A new tools are changing the way people work with each other, the partners of their companies and their customers.

By Jeffrey F. Rayport

Since the dawn of capitalism, management, collaboration and have almost always been synonymous. People need other people to achieve greater impact, and innovation, perhaps the most valuable activity in business, mainly depends on cross pollination of ideas that enables collaboration. However

technology has changed the way we work together, especially since the communications revolution began 150 years ago with the telegraph and telephone. This wave of change continued with the marketing of the fax machine in the 70's and email in the 80's. The last 20 years have seen a convergence of communications and computing technologies has expanded the possibilities of collaboration based on the technology, either synchronous or asynchronous, near or far. With voice mail, videoconferencing, instant messaging, forums, blogs, wikis, social networks, microblogging (through services like Twitter and Foursquare), voice over IP, telepresence, and, of course, mobile communications and computer we have never had to reach so many ways to collaborate without having to be in the same place at the same time.

based platforms in technology and specifically designed for collaboration emerged in the late 80's with the concept of "groupware" or collaborative work environments. " These made it possible for people to join while operating in different places and in different time zones. Lotus Notes introduced this notion in a corporate market during a time when the commercial Internet was still in diapers. As noted by reporter David Kirkpatrick in 1992, "if the groupware really makes a difference in long-term productivity, the very definition of an office can change. "With admirable foresight, said:" You will be able to work efficiently as a member of a group where you have your computer. As computers become smaller and more powerful, it means that we can do it from anywhere. "

That prediction has come true, especially since the recent financial crisis. While companies cut workers and resources, number of professionals who are defined as self-employed increased to 30 million in the United States, and many of them turned to social networking sites like LinkedIn and Facebook, to build their businesses. Many of the people that continued to be used the same strategies employed as an insurance policy against the next downsizing. Also offset reductions in IT budgets by using their own hardware, creating new acronyms such as BYOD (bring your own device "," bring your own device) and BYOC (bring your own computer "," bring your own computer). In fact, Kraft Foods "accepted" the use of smart phones and tablets owned by employees, giving explicitly welcoming and supporting devices "third parties" not directly purchased by the company.

These policies, in turn, created a new meaning for BYOC: bring your own culture "(" bring your own culture "). Why? Workers equipped with their own smart phones and laptops are accustomed to use the devices as they wanted to. They demanded free access to rich media web sites (like YouTube), social networking platforms and some content providers (eg publishers and media WikiLeaks documents, such as the New York Times and CNN.com) that many companies and government agencies had been blocked due to costs of bandwidth, data protection and enterprise security. A senior executive at Dell with which argued that if I was going to happen 60 to 80 hours a week at work, the company had no right to limit any Internet content. The corporate firewall, designed to make a very marked distinction between resources and external information, it became an artifact of a bygone era. The executive director of Dell prevailed.

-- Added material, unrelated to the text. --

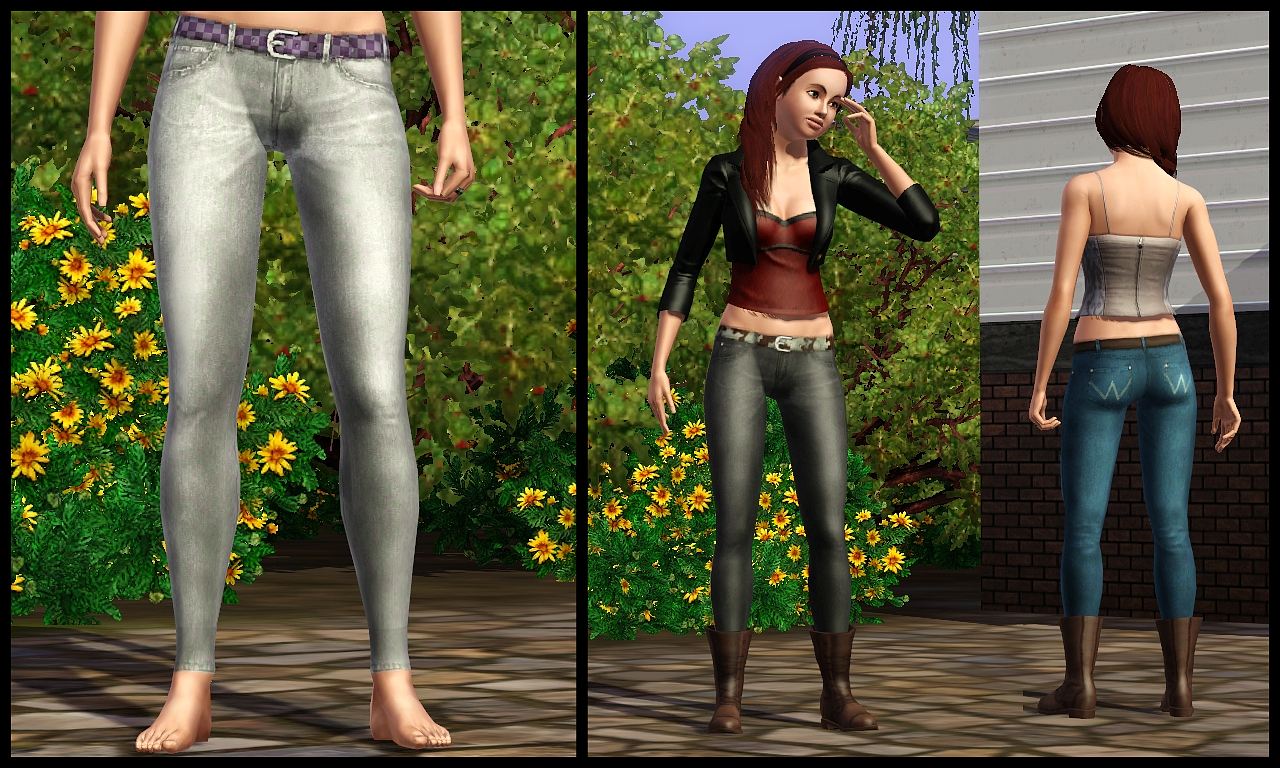 Mod The Sims - Jeans that fit into Boots (All Ages & Both Genders)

collaboration enabled by the network both within and between companies is changing the fundamental way of working.

To drive this revolution, both established companies and startups are offering tools and platforms that support collaborative media increasingly powerful. Their business proposals based on Metcalfe's Law: As links between individuals increase arithmetically, the collaboration as a result of these links would markedly increase its value. That's why many companies trying to accelerate the pace of innovation passed to open innovation.

Here are seven major issues that we must be vigilant:

1. We must bring all the world's consumers. As workers have more options for use of smart devices and online resources, your expectations have changed even with respect to the physical appearance of many workplaces. It makes sense that a design firm in the UK, Morgan Lovell, specializes in the creation of similar offices to living rooms and cafes, to encourage greater interaction. For the same reason, many technology platforms for collaboration in the world take advantage of the experiences of consumers. During its heyday, Second Life, Linden Lab, organized a dealer of Toyota Scion brand, allowing buyers to customize their new cars as they exchanged ideas between them. Second Life also provided a platform for the annual meeting of world leaders at the World Economic Forum, was, in effect, a virtual Davos that operated at the same time as real. Researchers at the University of California at Irvine, with three million dollar grant from the National Science Foundation, now plan to study how virtual worlds like Second Life and online multiplayer games like World of Warcraft can help organizations to collaborate and compete more effectively.

Less radical is the appearance of IBM collaboration software to corporate clothing has many familiar consumer applications: examples include Dogear (social bookmarking application like Delicious), Blu Twit (an imitation of Twitter owned companies), and SocialBlue (an internal platform for social networks much like Facebook). Similarly, the Cisco collaboration software, called Quad, integrates WebEx with third-party resources like Twitter, iGoogle, and custom RSS feeds. Its home page, or "personal manager of the console is based on widgets. Its design resembles the presentation layer of a popular personal news site based in Paris, NetVibes. However, we must not misinterpret the informal aspect of the interface: Quad also includes a "policy management console business" that controls the responsibility for tasks, individual productivity, and compliance with company policy.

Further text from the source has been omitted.